Downstream activities, performed after the product has been produced, require dealing with other collaborators such as transportation companies and intermediaries. These upstream and downstream activities are called supportive activities. They provide the support necessary for carrying out primary activities or for conducting the sale of goods or services to the final buyer.
The value chain can be summarised as a chain of activities by which a firm can bring in materials, create a good or service, market it, and provide service after a sale is made. Each step has the potential for creating more value for the customer.
A firm needs to evaluate the costs and performance associated with each activity and try to improve the processes for the benefit of the customer. The best way to handle the situation is to benchmark processes and costs associated with each activity and then take steps to build efficiency into the company system.

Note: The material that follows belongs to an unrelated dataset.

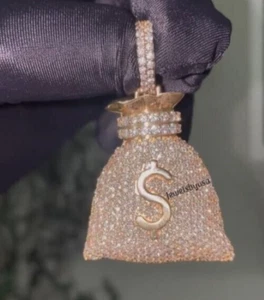 Genuine Moissanite Men's Doller Sign Money Bag Pendant Yellow Gold Plated Silver - Picture 1 of 6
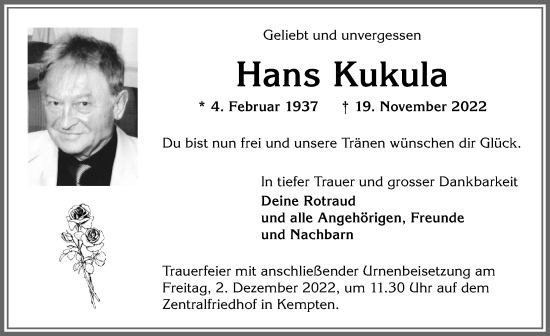 Traueranzeige von Hans Kukula von Allgäuer Zeitung,Kempten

The success of the marketing department does not guarantee overall success, because every department needs to be integrated with the ‘customer value goal’ in mind. In a traditional company, there is contact only between the marketing department and the buyer; the rest of the departments only feed the marketing department for business success.
In this case, the marketing department provides all the information to the customer and also brings back all the information into the organization.
Modern marketing demands that every department should be aware of the expectations of customers. A real marketing-oriented company should develop systems and procedures so that customer template is always at the forefront of every department. Senior management should try to increase intimacy between the departments and customers so that organizational activities will evolve with the life cycle of customers.
Core Business Processes
- Market Sensing Process
- New Product Launch Process
- Customer Acquisition Process
- Customer Relationship Management Process
- Fulfilment Management Process
Market Sensing Process
This process involves the collection of market knowledge, customer intelligence, dissemination of this information within the organization, and taking suitable responses for the benefit of both the company and customers.
New Product Launch Process
This process involves all the activities that a firm takes in researching, designing, developing, and launching new, high-quality offers within the company’s marketing budget.
Customer Acquisition Process
This process involves all the activities in defining the target market and prospecting new customers.
Customer Relationship Management Process
This process involves all the activities in building a deeper understanding of customer interactions, building relationships, and designing offerings to suit individual customers.
Fulfilment Management Process
This process involves all the activities in receiving and approving orders, shipping the goods on time, and realizing payments.